Thursday, October 2, 2014

There Will Come Soft Rains


August 2026:  There Will Come Soft Rains
-- Ray Bradbury

            Smoke and silence…Dawn showed faintly in the east.  Among the ruins, one wall stood alone.  Within the wall, a last voice said, over and over again and again, even as the sun rose to shine upon the heaped rubble and steam: “Today is August 5, 2026, today is August 5, 2026, today is…”’

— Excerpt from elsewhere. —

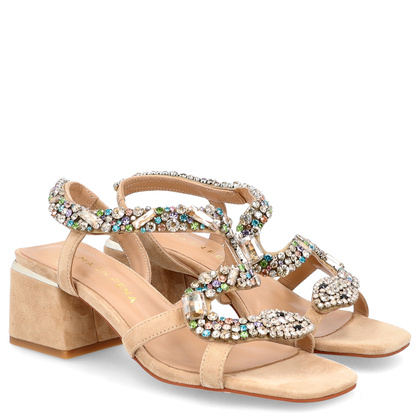 Hiszpańskie zdobne sandały - ALMA EN PENA V240701 BEŻOWE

            Humans are living evidence of evolution.  We have grown from nomads to independently living individuals capable of caring for making rational judgments, sustaining life and ourselves with ease.  A day is the same as everyday other day for us.  But to ponder the question of what was going through Bradbury’s mind noting that this piece of writing was published in 1950 leads me to ask, does he think we will one day evolve so much to a point where technological advances will overtake the human race one day?  “And Spring herself, when she woke at dawn/ would scarcely know that we were gone” (qtd. in Bradbury 3).  It’s like no matter how far we go with our new advances, the world will as a whole stay the same.  The sun is still going to rise in the mornings, and set in the evenings.  The moon will still come out as light during darkness, the seasons will continue to pass like ritual clockwork.  The only thing missing would be us.  And it is interesting to note that being in the year 2014, a lot of technology has overtaken us already.  When friends go out in groups for dinner, you can almost always expect the majority of them to be glued to their hand held touch screens, lighting up with whatever was more important in their hand then what was going on in the real world.  To imagine that a man from the 1950s made such a claim that is so relevant today stuns me.  Technology is such a big part of our lives, some people have anxiety without it and it’s hard to believe that not too long ago were we without such luxuries.  To have a house maintain itself on its own, as though in authority of all who lived in it is quite a thought within itself.  I wonder how a man who wrote this so long ago, would have known how on point he was nearing the futuristic time period he labeled in his title. 

 It is like the rain will come to wash us away.  After the decayed, after all is gone.  Growth comes from being watered.  It will begin a new evolution from its purest form.